(Extracted data):

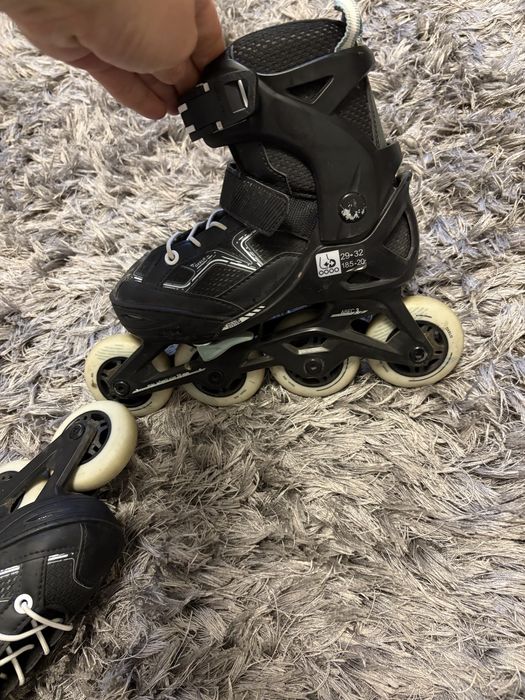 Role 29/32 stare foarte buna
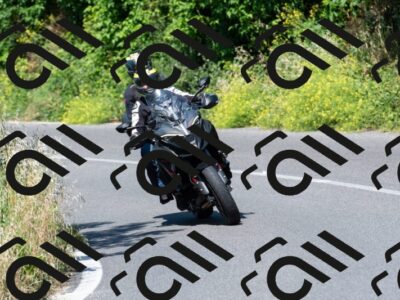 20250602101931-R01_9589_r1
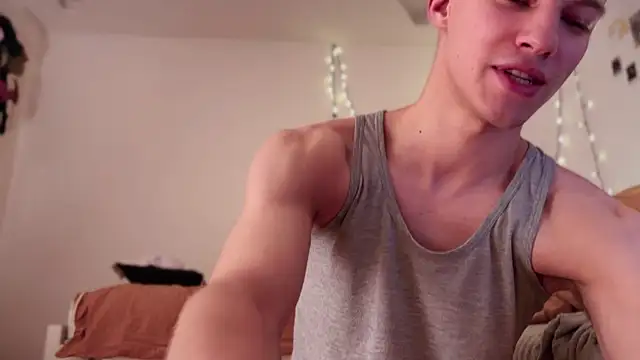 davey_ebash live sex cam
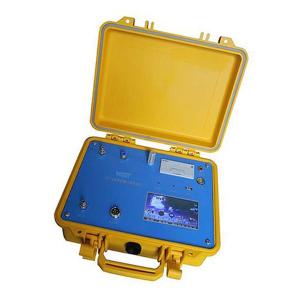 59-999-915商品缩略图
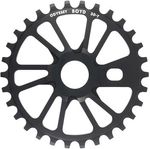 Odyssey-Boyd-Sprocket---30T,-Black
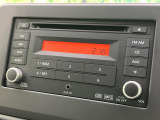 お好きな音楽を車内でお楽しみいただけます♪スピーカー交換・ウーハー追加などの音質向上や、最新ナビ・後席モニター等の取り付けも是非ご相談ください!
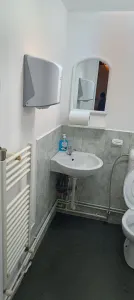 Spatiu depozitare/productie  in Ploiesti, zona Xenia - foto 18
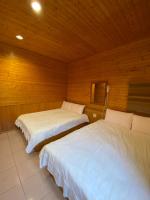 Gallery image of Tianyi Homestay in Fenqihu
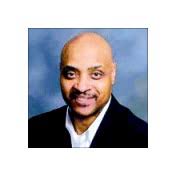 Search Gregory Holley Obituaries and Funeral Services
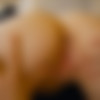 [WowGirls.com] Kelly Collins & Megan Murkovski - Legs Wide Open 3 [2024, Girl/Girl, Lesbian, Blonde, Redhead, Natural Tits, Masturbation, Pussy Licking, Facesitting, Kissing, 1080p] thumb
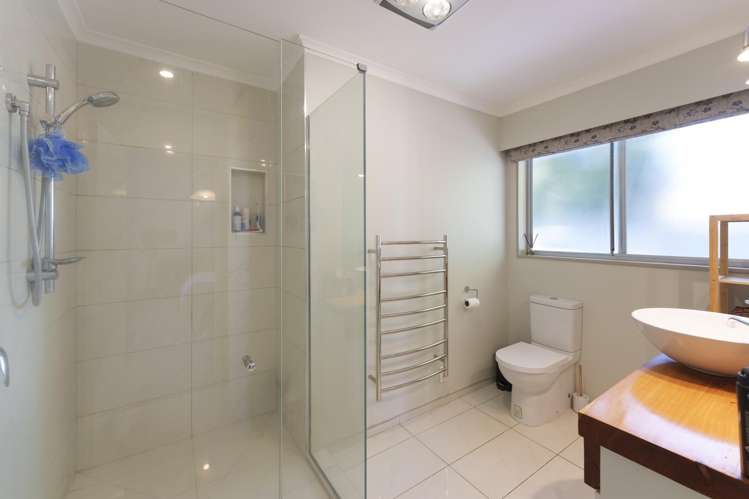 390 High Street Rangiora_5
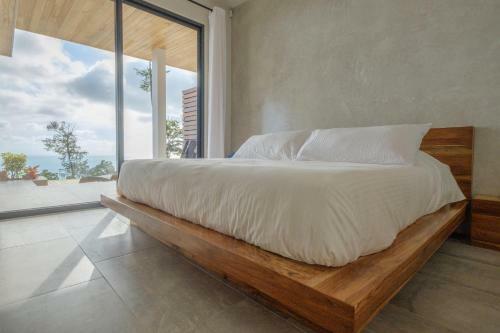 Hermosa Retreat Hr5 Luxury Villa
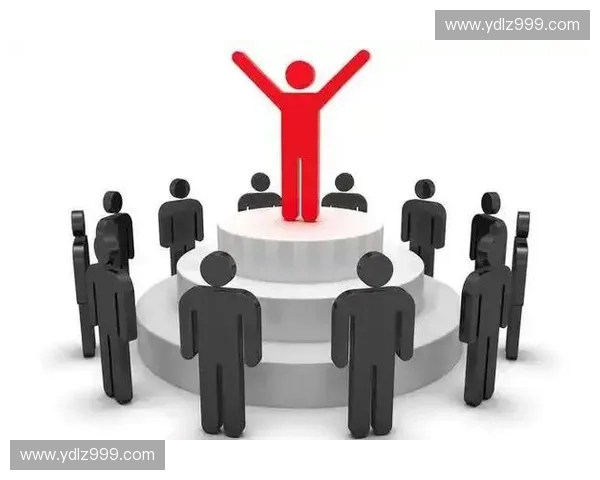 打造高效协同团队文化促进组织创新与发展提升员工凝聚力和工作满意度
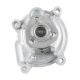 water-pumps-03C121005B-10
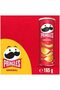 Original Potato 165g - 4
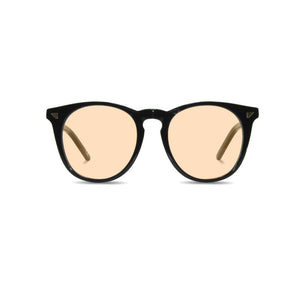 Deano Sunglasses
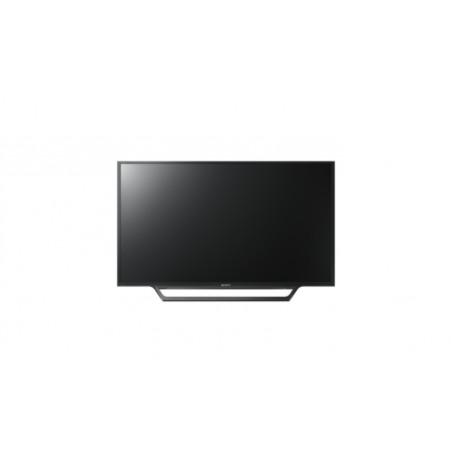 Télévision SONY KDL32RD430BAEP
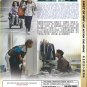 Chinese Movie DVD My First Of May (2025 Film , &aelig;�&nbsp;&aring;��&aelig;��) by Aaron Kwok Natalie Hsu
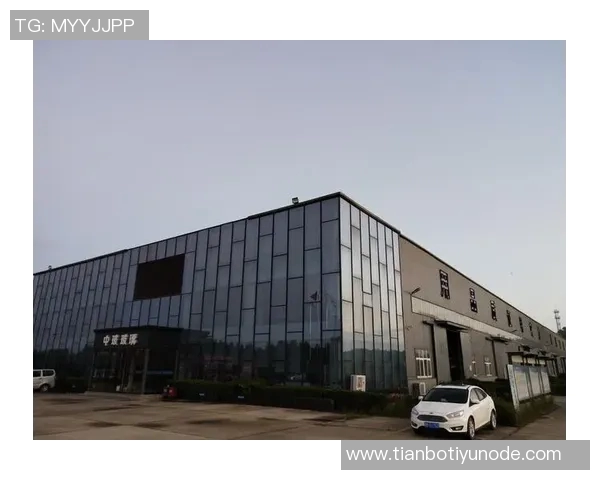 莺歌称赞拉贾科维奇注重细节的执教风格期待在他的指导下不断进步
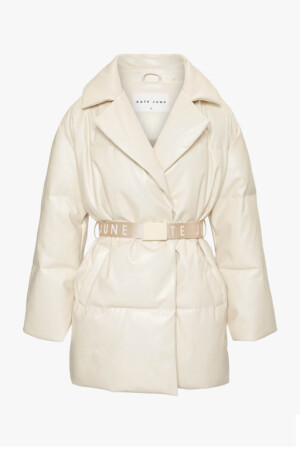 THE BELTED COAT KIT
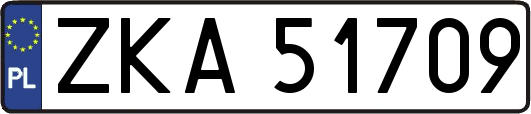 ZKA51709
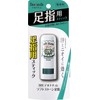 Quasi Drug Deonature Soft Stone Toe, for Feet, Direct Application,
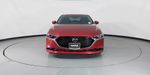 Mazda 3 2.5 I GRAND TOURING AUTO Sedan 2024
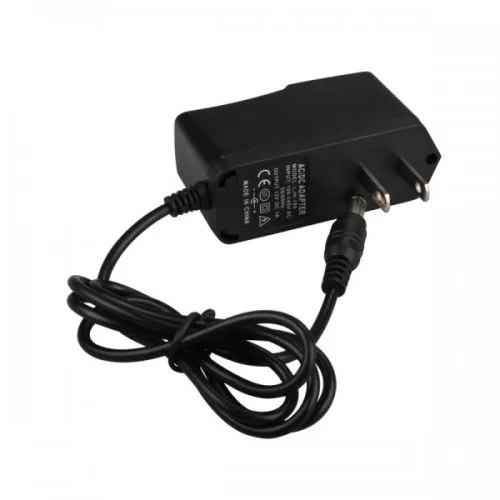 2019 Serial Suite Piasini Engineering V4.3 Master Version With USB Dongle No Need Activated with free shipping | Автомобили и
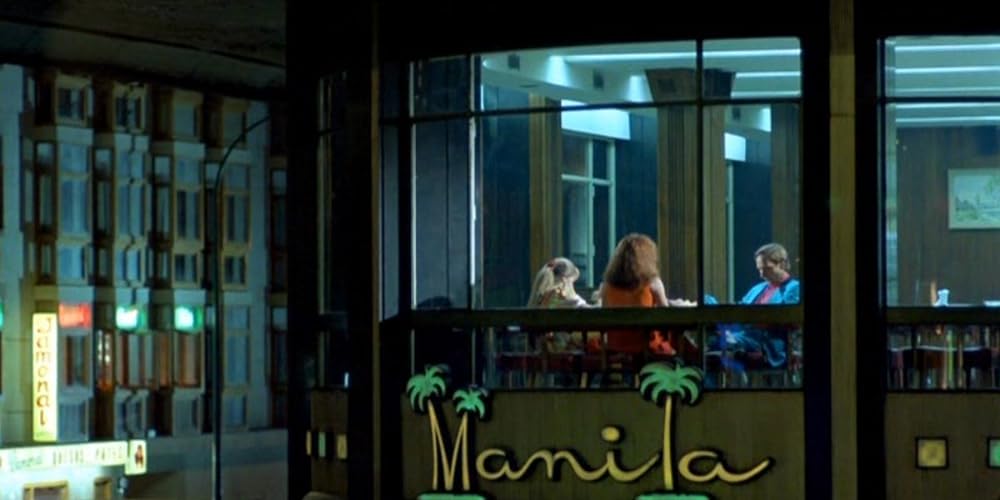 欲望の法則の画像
...
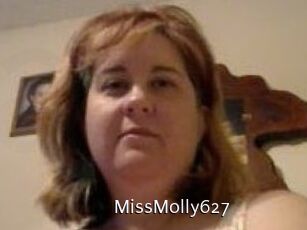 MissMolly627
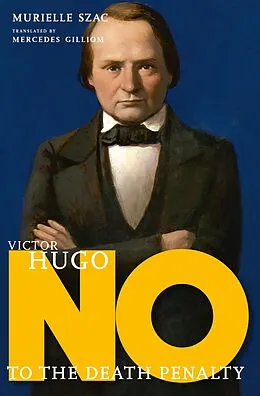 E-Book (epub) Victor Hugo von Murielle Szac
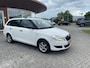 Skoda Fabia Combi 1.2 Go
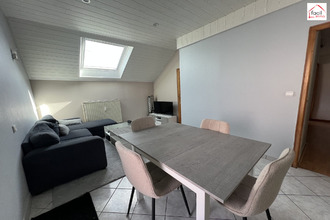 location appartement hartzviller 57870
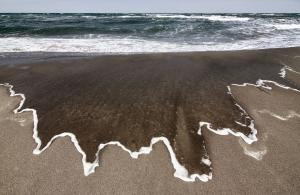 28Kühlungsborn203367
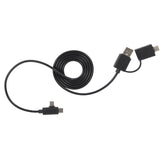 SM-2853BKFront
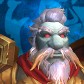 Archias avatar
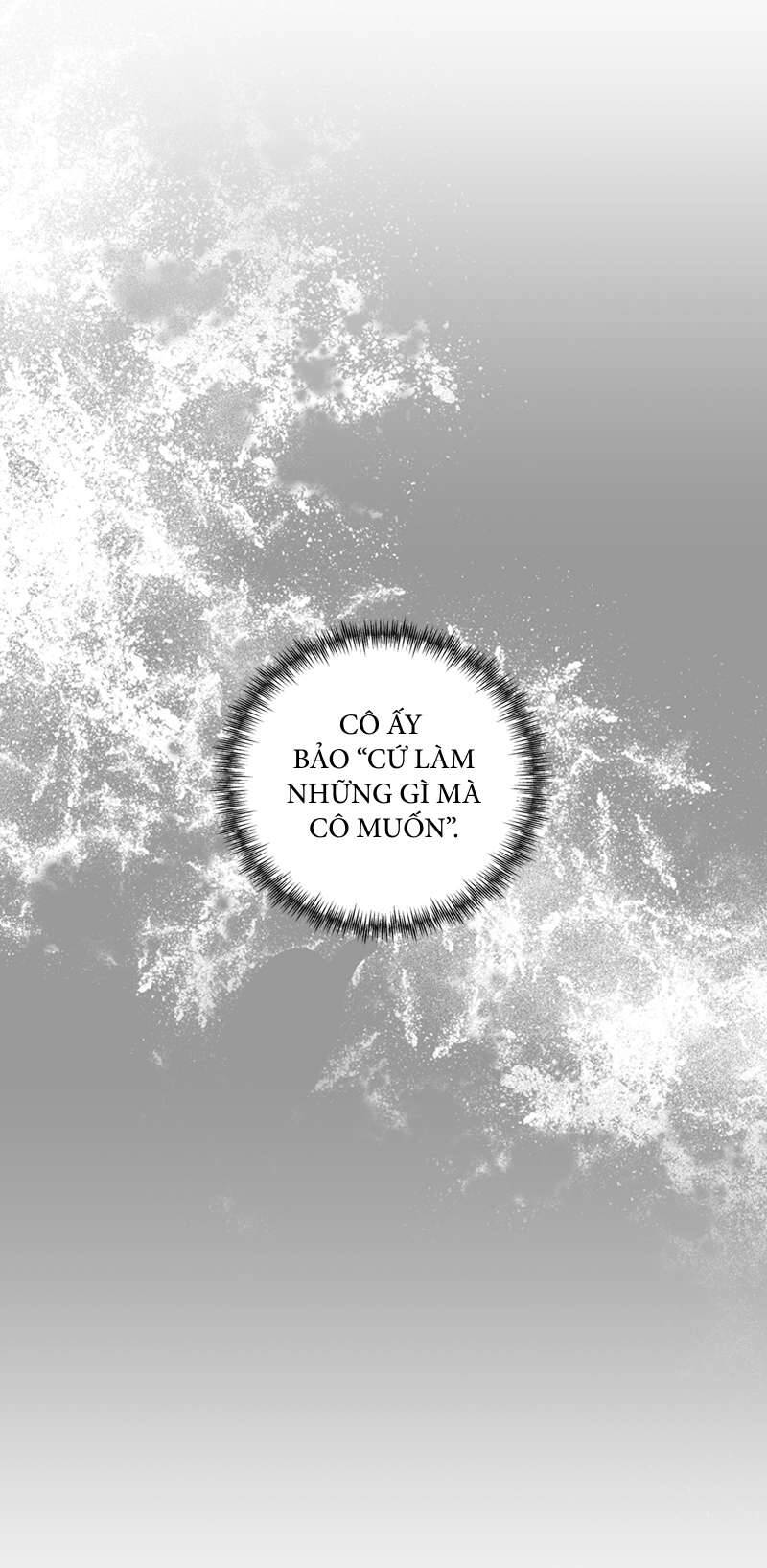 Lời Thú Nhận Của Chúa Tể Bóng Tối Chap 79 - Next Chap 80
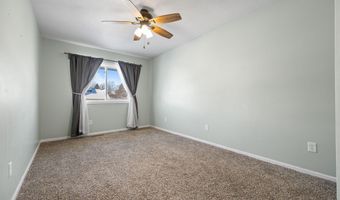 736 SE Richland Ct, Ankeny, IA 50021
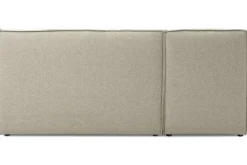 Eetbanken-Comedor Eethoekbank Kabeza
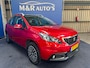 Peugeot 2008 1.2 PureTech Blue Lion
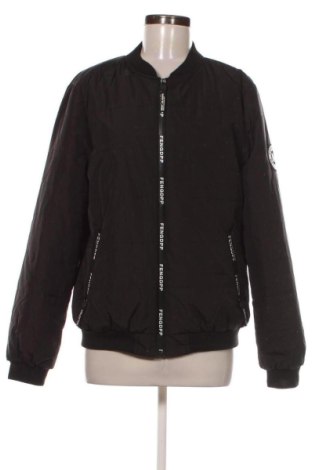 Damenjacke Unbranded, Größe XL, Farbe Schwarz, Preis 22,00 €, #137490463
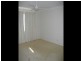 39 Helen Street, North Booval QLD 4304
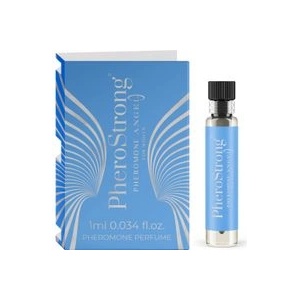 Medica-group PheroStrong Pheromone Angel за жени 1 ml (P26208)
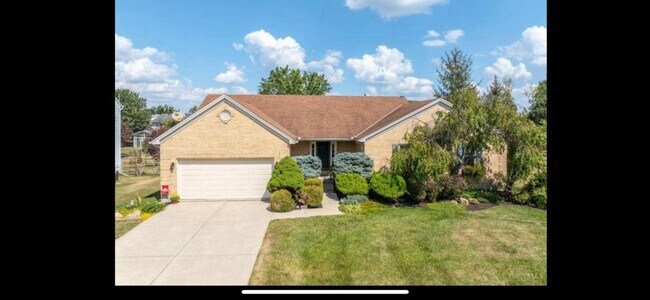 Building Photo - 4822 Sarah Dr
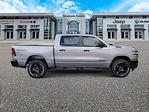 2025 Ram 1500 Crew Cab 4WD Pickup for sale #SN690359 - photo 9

(Activity): Keep to the lines above from the line with "Role 29/32 stare foarte buna" to the line with "Mazda 3 2.5 I GRAND TOURING AUTO Sedan 2024", and set down exactly those, inclusive, with nothing else and every picture left out.

(Answer below):
 Role 29/32 stare foarte buna
 20250602101931-R01_9589_r1
 davey_ebash live sex cam
 59-999-915商品缩略图
 Odyssey-Boyd-Sprocket---30T,-Black
 お好きな音楽を車内でお楽しみいただけます♪スピーカー交換・ウーハー追加などの音質向上や、最新ナビ・後席モニター等の取り付けも是非ご相談ください!
 Spatiu depozitare/productie  in Ploiesti, zona Xenia - foto 18
 Gallery image of Tianyi Homestay in Fenqihu
 Search Gregory Holley Obituaries and Funeral Services
 [WowGirls.com] Kelly Collins & Megan Murkovski - Legs Wide Open 3 [2024, Girl/Girl, Lesbian, Blonde, Redhead, Natural Tits, Masturbation, Pussy Licking, Facesitting, Kissing, 1080p] thumb
 390 High Street Rangiora_5
 Hermosa Retreat Hr5 Luxury Villa
 打造高效协同团队文化促进组织创新与发展提升员工凝聚力和工作满意度
 water-pumps-03C121005B-10
 Original Potato 165g - 4
 Deano Sunglasses
 Télévision SONY KDL32RD430BAEP
 Chinese Movie DVD My First Of May (2025 Film , &aelig;�&nbsp;&aring;��&aelig;��) by Aaron Kwok Natalie Hsu
 莺歌称赞拉贾科维奇注重细节的执教风格期待在他的指导下不断进步
 THE BELTED COAT KIT
 ZKA51709
 Quasi Drug Deonature Soft Stone Toe, for Feet, Direct Application,
 Mazda 3 2.5 I GRAND TOURING AUTO Sedan 2024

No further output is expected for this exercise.